Progressive dyspnea indicates poor prognosis. It also
creates need for sedation and hospitalization to provide
symptom control in the last stage of life. The establishment
of specialized palliative care can serve to train/
support health professionals as well as provide more
comfort for patients at the end of life.[40] Specialized
palliative care units serve to manage complex and uncontrolled
symptoms, support patients, maintain patient
QOL, provide means to discuss best options for
patients and their relatives within the framework of
end of life care, educate other clinics that treat terminal
stage cancer patients, and to give a standard of care according
to guidelines to other clinics.[41]
The Roles and Responsibilities of Nurses
Nurses are a key member of the palliative care team
and have important roles and responsibilities in the
care and treatment of cancer patients with dyspnea.
Nurses can increase the level of independence in activities
of daily living (ADL) and can provide important
contributions to patient QOL through close monitoring,
administering treatments, oxygen support, appropriate
positioning techniques, pursed lip and diaphragmatic
exercises, postural drainage principles, clearance
of secretions, intermittent ventilation of patient rooms,
using a fan, instruction in energy conservation techniques,
encouragement of patients in daily exercises
and applyingng adequate/balanced diet.[2,4,8]
Dyspnea may be frightening, not just for patients, but also for caregivers. As the disease progresses, the severity of dyspnea and increased stress levels in patients adversely affect the QOL of both patients and caregivers. Patient relatives or spouse experience serious anxiety and despair because of patient dyspnea suffering.[42] Caregivers often think that management of dyspnea is very challenging since they have no strategies for how to alleviate it.[43] When approaching dyspnea with a holistic perspective, the impact of dyspnea on the lives of caregivers should also be adressed. Nursing care plans should also focus on the anxiety level of patient relatives, as well as psychosocial stress of patients and caregivers.[41]
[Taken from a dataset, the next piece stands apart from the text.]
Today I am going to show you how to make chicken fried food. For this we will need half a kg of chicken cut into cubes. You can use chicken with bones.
A randomized controlled study was conducted on 20 patients who had small cell and non-small cell lung cancer, had completed their chemotherapy and radiotherapy, and received 1-hour sessions from a nurse for 3-6 weeks that included breathing re-training; counseling; and relaxation, coping and adaptation strategies. The control group did not receive any intervention. Patients in the intervention group had significant improvement in dyspnea, dyspnea-induced stress level and functional capacity compared to the control group at 3 months.[29]
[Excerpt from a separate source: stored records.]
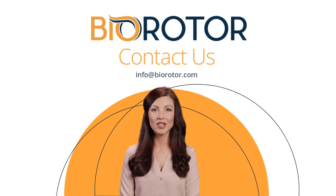If you're a wastewater engineer looking for an optimized decentralized wastewater treatment system, Biorotor could be exactly what you need. If you'd like to learn more about Biorotor, don't hesitate to contact us. Our team of experts are ready to answer any questions you may have.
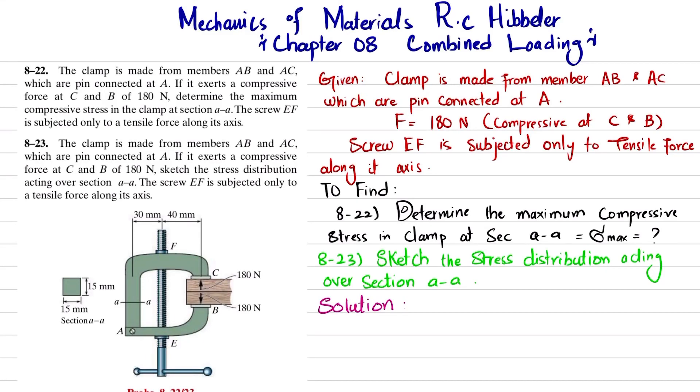Welcome back. In this video we are going to solve problems 8-22 and 8-23 taken from the book Mechanics of Materials by R.C. Hibbeler. It is chapter number 8, Combined Loading.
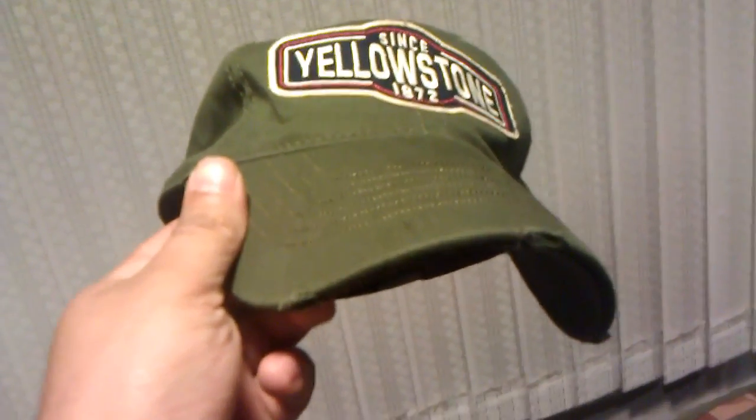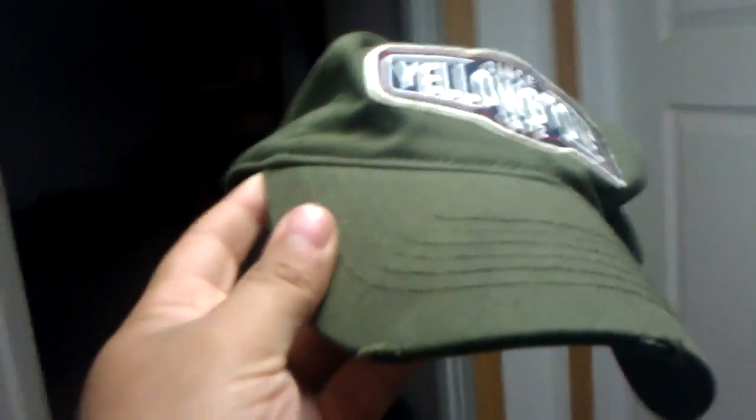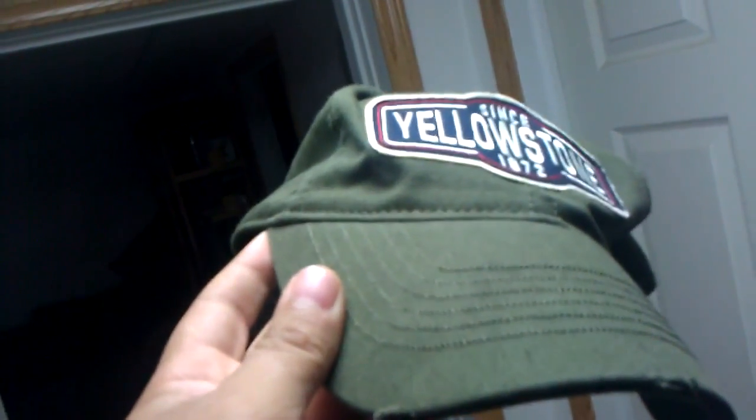As cameras react differently to different types of light. Here's the same hat — green — under warm temperature fluorescence. Turn those off. And here is daylight fluorescence. And the hat's green. So you can tell it's not just the color temperature of the lighting that actually changes the color of the hat. There's more to it than that.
Consequently, nurses can provide significant contributions to management of dyspnea by eliminating the dyspnea-induced anxiety and fear that occur in patient and caregivers by applying behavioral and psychotherapeutic approaches, teaching effective-coping strategies, following patients at their home, making regular phone calls, giving advanced directives and supporting patients and their families in the critical decision-making process.[8]
Conflict of interest: None declared.